### TASK INPUTS
● ● ● ● ●

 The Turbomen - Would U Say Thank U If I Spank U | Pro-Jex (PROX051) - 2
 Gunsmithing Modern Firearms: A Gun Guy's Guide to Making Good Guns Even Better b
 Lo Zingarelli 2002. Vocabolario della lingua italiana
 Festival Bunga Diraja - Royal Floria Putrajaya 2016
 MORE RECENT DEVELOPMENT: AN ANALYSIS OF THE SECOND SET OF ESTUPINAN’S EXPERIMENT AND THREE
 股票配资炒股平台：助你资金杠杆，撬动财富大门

● ● ● ● ●

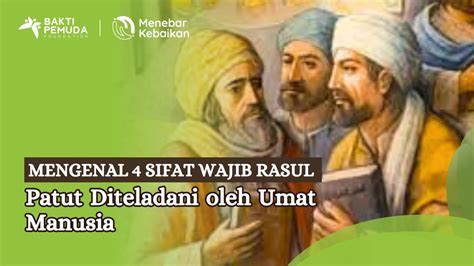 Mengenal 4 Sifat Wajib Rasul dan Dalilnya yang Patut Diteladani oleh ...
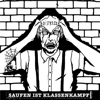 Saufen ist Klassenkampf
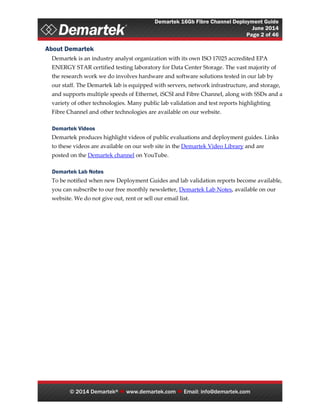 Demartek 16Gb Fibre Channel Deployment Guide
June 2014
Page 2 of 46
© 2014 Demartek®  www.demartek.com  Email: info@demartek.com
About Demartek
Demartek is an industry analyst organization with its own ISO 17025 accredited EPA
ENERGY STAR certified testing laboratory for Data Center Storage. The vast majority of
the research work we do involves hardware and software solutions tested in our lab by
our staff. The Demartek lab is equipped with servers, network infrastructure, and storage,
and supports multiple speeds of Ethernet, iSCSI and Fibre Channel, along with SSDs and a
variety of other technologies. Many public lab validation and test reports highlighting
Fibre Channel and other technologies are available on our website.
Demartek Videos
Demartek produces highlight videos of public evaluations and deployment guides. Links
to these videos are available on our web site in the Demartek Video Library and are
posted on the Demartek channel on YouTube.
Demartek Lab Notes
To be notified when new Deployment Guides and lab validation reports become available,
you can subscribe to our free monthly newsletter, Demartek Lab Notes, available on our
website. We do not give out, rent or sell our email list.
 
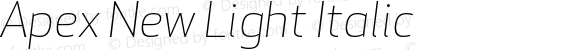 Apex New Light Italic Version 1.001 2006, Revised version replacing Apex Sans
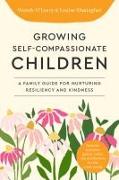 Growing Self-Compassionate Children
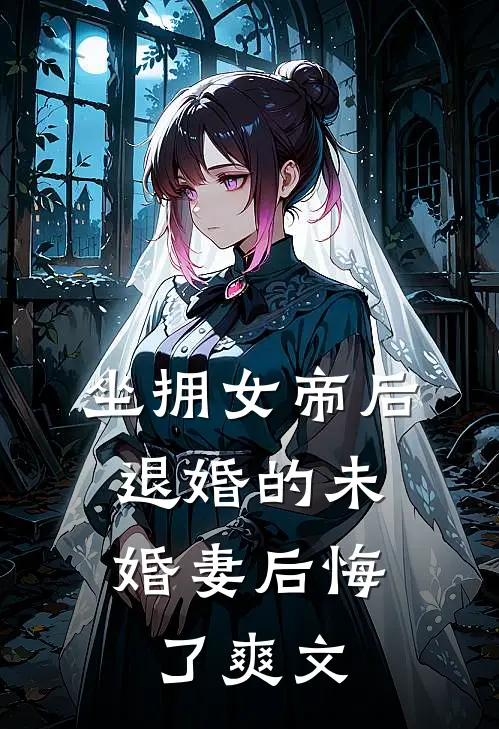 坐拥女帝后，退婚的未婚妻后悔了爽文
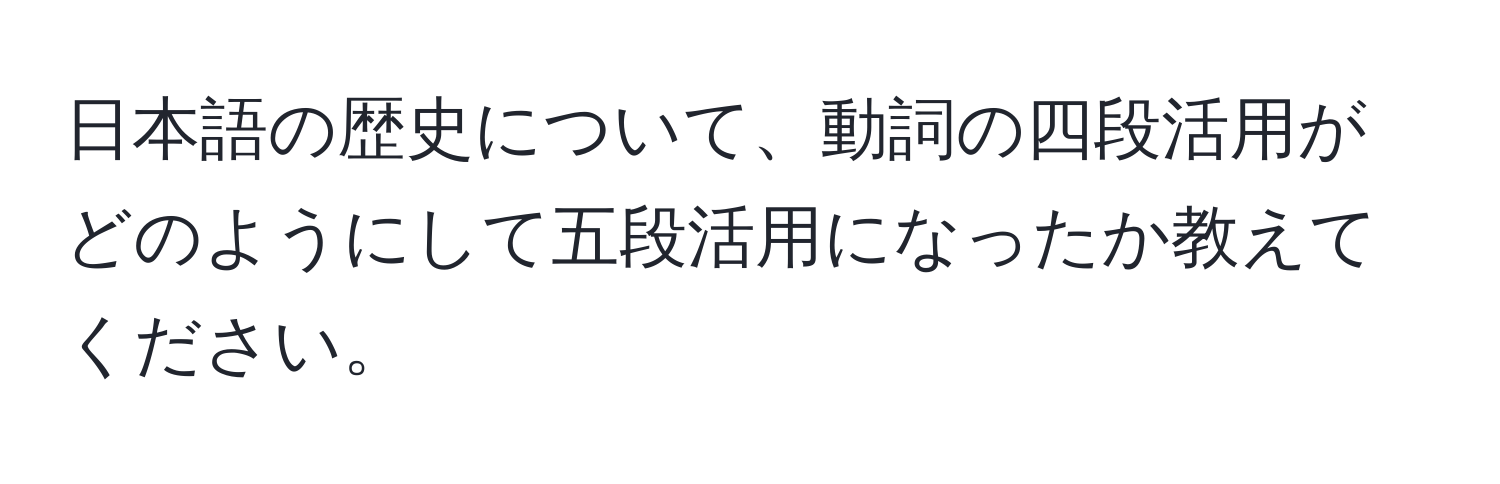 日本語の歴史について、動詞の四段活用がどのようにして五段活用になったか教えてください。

● ● ● ● ●

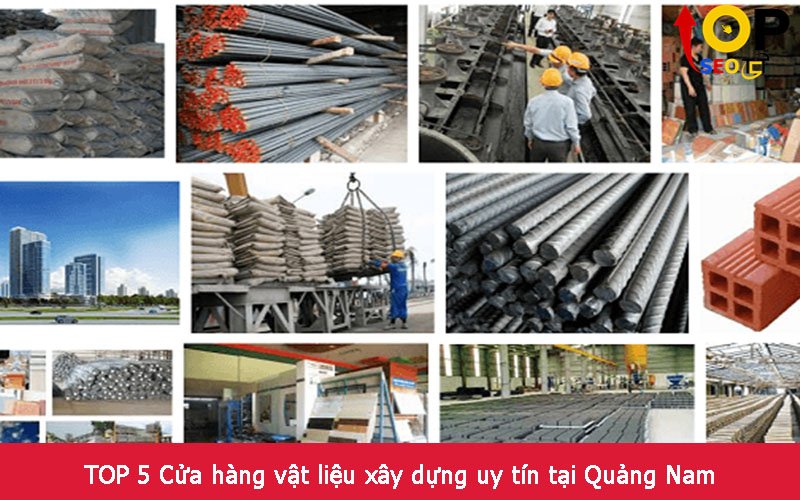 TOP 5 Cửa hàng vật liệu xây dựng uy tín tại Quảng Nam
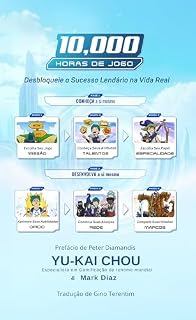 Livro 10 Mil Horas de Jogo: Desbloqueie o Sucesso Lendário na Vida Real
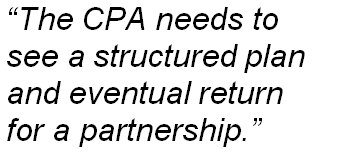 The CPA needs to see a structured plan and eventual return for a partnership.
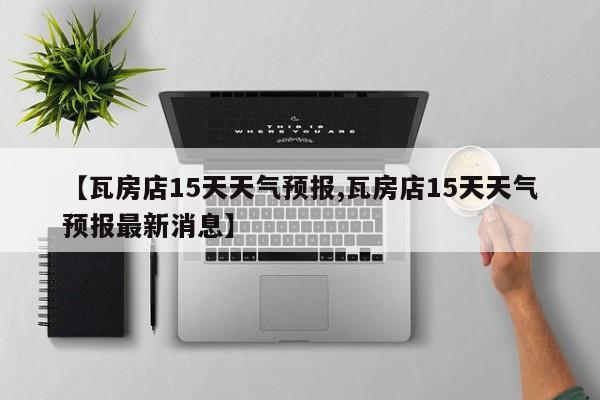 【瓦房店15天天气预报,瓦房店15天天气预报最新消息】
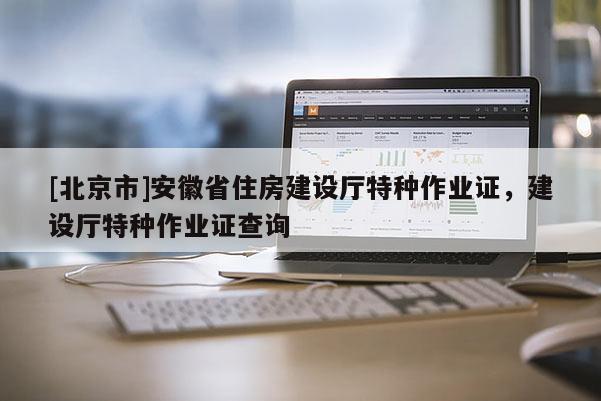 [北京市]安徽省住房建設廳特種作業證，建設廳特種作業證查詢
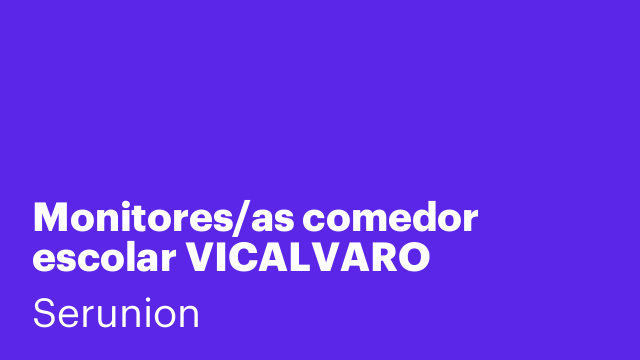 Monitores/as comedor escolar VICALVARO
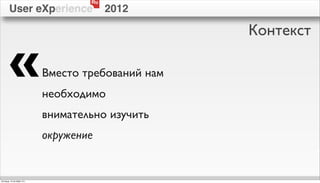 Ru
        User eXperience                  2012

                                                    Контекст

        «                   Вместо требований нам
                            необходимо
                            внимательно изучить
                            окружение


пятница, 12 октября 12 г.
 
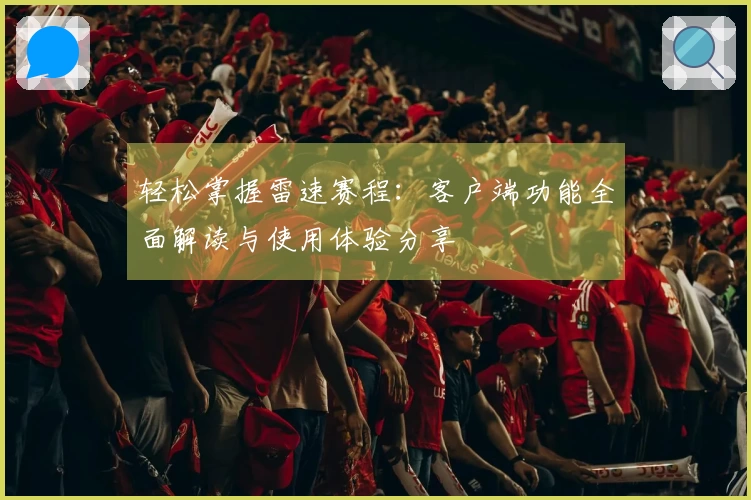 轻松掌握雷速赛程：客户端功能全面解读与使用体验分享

● ● ● ● ●

### WORK REQUEST
From the listing, copy each line containing the word "other".

### YOUR RESPONSE
variety of other technologies. Many public lab validation and test reports highlighting
Fibre Channel and other technologies are available on our website.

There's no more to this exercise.